Start of DATA TO EXAMINE

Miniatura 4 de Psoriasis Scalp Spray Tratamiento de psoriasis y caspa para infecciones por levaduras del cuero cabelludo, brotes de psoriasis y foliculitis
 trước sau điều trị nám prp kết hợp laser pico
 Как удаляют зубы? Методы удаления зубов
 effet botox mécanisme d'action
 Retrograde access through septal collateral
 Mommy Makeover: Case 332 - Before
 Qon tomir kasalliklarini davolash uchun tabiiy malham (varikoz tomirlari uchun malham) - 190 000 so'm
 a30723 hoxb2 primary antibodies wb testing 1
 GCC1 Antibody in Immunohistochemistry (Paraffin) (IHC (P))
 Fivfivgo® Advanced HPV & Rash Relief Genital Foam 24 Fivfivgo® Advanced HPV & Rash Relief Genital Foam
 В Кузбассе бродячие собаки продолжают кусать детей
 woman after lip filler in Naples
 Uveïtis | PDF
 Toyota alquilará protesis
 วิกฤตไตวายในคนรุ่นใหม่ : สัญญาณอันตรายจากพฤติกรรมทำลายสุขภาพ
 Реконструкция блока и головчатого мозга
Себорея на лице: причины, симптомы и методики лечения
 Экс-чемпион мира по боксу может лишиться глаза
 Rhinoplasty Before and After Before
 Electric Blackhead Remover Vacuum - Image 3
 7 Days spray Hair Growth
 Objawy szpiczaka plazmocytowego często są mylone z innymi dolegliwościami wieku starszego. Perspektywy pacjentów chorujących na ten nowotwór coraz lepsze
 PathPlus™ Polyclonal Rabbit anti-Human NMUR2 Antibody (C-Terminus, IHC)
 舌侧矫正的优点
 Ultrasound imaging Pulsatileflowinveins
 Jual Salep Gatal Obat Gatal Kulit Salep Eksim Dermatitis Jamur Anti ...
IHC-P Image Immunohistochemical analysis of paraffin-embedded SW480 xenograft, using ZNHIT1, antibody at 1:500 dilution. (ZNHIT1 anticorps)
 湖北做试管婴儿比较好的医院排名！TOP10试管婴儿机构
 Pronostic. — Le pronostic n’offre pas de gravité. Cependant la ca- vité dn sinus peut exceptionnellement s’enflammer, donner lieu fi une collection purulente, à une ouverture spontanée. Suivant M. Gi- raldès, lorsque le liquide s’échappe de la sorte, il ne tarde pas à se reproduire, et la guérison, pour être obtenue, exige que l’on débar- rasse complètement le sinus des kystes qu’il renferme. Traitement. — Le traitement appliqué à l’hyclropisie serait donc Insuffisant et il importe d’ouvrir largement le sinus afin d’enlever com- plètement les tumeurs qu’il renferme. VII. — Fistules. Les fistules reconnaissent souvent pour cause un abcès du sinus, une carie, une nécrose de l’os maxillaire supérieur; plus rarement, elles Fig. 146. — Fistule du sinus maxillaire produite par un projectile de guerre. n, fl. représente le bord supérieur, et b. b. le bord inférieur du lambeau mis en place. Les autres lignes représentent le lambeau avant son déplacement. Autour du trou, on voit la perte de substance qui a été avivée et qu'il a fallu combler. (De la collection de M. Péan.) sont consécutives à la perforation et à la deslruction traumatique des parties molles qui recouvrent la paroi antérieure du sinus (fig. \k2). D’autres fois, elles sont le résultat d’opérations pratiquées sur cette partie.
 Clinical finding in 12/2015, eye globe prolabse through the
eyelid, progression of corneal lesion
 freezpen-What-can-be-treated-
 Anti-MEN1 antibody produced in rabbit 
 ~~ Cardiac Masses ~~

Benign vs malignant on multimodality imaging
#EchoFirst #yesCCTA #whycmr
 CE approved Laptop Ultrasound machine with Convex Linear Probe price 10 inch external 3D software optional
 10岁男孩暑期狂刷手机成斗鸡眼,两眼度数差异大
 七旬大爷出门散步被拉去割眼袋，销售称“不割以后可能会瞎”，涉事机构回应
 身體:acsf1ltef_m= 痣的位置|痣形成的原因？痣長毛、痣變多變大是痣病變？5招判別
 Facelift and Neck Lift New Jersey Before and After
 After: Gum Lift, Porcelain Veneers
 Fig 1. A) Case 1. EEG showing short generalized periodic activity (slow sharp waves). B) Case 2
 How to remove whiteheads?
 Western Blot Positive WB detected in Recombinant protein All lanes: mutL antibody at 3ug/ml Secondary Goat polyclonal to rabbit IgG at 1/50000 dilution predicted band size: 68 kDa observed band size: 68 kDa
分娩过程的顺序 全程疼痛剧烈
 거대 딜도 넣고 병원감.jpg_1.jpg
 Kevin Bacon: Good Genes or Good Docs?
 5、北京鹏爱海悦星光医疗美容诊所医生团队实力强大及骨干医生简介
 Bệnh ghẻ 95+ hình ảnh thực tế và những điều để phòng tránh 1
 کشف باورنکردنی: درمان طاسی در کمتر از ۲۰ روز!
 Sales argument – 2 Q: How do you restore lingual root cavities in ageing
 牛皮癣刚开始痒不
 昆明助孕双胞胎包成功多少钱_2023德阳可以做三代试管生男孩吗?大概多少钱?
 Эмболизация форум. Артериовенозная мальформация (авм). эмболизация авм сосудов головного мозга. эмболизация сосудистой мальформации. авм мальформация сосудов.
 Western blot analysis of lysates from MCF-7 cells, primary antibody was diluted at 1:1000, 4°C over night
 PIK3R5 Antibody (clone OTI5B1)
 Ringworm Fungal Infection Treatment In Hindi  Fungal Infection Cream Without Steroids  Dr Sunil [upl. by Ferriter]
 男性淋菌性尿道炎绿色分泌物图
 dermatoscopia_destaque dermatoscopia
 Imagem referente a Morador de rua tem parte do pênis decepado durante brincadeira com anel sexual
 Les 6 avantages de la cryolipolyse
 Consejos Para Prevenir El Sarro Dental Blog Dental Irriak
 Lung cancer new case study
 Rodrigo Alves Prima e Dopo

End of DATA TO EXAMINE

■ WORK INSTRUCTION: Take the entries above and write them out again unchanged.

■ ANSWER:
Miniatura 4 de Psoriasis Scalp Spray Tratamiento de psoriasis y caspa para infecciones por levaduras del cuero cabelludo, brotes de psoriasis y foliculitis
 trước sau điều trị nám prp kết hợp laser pico
 Как удаляют зубы? Методы удаления зубов
 effet botox mécanisme d'action
 Retrograde access through septal collateral
 Mommy Makeover: Case 332 - Before
 Qon tomir kasalliklarini davolash uchun tabiiy malham (varikoz tomirlari uchun malham) - 190 000 so'm
 a30723 hoxb2 primary antibodies wb testing 1
 GCC1 Antibody in Immunohistochemistry (Paraffin) (IHC (P))
 Fivfivgo® Advanced HPV & Rash Relief Genital Foam 24 Fivfivgo® Advanced HPV & Rash Relief Genital Foam
 В Кузбассе бродячие собаки продолжают кусать детей
 woman after lip filler in Naples
 Uveïtis | PDF
 Toyota alquilará protesis
 วิกฤตไตวายในคนรุ่นใหม่ : สัญญาณอันตรายจากพฤติกรรมทำลายสุขภาพ
 Реконструкция блока и головчатого мозга
Себорея на лице: причины, симптомы и методики лечения
 Экс-чемпион мира по боксу может лишиться глаза
 Rhinoplasty Before and After Before
 Electric Blackhead Remover Vacuum - Image 3
 7 Days spray Hair Growth
 Objawy szpiczaka plazmocytowego często są mylone z innymi dolegliwościami wieku starszego. Perspektywy pacjentów chorujących na ten nowotwór coraz lepsze
 PathPlus™ Polyclonal Rabbit anti-Human NMUR2 Antibody (C-Terminus, IHC)
 舌侧矫正的优点
 Ultrasound imaging Pulsatileflowinveins
 Jual Salep Gatal Obat Gatal Kulit Salep Eksim Dermatitis Jamur Anti ...
IHC-P Image Immunohistochemical analysis of paraffin-embedded SW480 xenograft, using ZNHIT1, antibody at 1:500 dilution. (ZNHIT1 anticorps)
 湖北做试管婴儿比较好的医院排名！TOP10试管婴儿机构
 Pronostic. — Le pronostic n’offre pas de gravité. Cependant la ca- vité dn sinus peut exceptionnellement s’enflammer, donner lieu fi une collection purulente, à une ouverture spontanée. Suivant M. Gi- raldès, lorsque le liquide s’échappe de la sorte, il ne tarde pas à se reproduire, et la guérison, pour être obtenue, exige que l’on débar- rasse complètement le sinus des kystes qu’il renferme. Traitement. — Le traitement appliqué à l’hyclropisie serait donc Insuffisant et il importe d’ouvrir largement le sinus afin d’enlever com- plètement les tumeurs qu’il renferme. VII. — Fistules. Les fistules reconnaissent souvent pour cause un abcès du sinus, une carie, une nécrose de l’os maxillaire supérieur; plus rarement, elles Fig. 146. — Fistule du sinus maxillaire produite par un projectile de guerre. n, fl. représente le bord supérieur, et b. b. le bord inférieur du lambeau mis en place. Les autres lignes représentent le lambeau avant son déplacement. Autour du trou, on voit la perte de substance qui a été avivée et qu'il a fallu combler. (De la collection de M. Péan.) sont consécutives à la perforation et à la deslruction traumatique des parties molles qui recouvrent la paroi antérieure du sinus (fig. \k2). D’autres fois, elles sont le résultat d’opérations pratiquées sur cette partie.
 Clinical finding in 12/2015, eye globe prolabse through the
eyelid, progression of corneal lesion
 freezpen-What-can-be-treated-
 Anti-MEN1 antibody produced in rabbit 
 ~~ Cardiac Masses ~~

Benign vs malignant on multimodality imaging
#EchoFirst #yesCCTA #whycmr
 CE approved Laptop Ultrasound machine with Convex Linear Probe price 10 inch external 3D software optional
 10岁男孩暑期狂刷手机成斗鸡眼,两眼度数差异大
 七旬大爷出门散步被拉去割眼袋，销售称“不割以后可能会瞎”，涉事机构回应
 身體:acsf1ltef_m= 痣的位置|痣形成的原因？痣長毛、痣變多變大是痣病變？5招判別
 Facelift and Neck Lift New Jersey Before and After
 After: Gum Lift, Porcelain Veneers
 Fig 1. A) Case 1. EEG showing short generalized periodic activity (slow sharp waves). B) Case 2
 How to remove whiteheads?
 Western Blot Positive WB detected in Recombinant protein All lanes: mutL antibody at 3ug/ml Secondary Goat polyclonal to rabbit IgG at 1/50000 dilution predicted band size: 68 kDa observed band size: 68 kDa
分娩过程的顺序 全程疼痛剧烈
 거대 딜도 넣고 병원감.jpg_1.jpg
 Kevin Bacon: Good Genes or Good Docs?
 5、北京鹏爱海悦星光医疗美容诊所医生团队实力强大及骨干医生简介
 Bệnh ghẻ 95+ hình ảnh thực tế và những điều để phòng tránh 1
 کشف باورنکردنی: درمان طاسی در کمتر از ۲۰ روز!
 Sales argument – 2 Q: How do you restore lingual root cavities in ageing
 牛皮癣刚开始痒不
 昆明助孕双胞胎包成功多少钱_2023德阳可以做三代试管生男孩吗?大概多少钱?
 Эмболизация форум. Артериовенозная мальформация (авм). эмболизация авм сосудов головного мозга. эмболизация сосудистой мальформации. авм мальформация сосудов.
 Western blot analysis of lysates from MCF-7 cells, primary antibody was diluted at 1:1000, 4°C over night
 PIK3R5 Antibody (clone OTI5B1)
 Ringworm Fungal Infection Treatment In Hindi  Fungal Infection Cream Without Steroids  Dr Sunil [upl. by Ferriter]
 男性淋菌性尿道炎绿色分泌物图
 dermatoscopia_destaque dermatoscopia
 Imagem referente a Morador de rua tem parte do pênis decepado durante brincadeira com anel sexual
 Les 6 avantages de la cryolipolyse
 Consejos Para Prevenir El Sarro Dental Blog Dental Irriak
 Lung cancer new case study
 Rodrigo Alves Prima e Dopo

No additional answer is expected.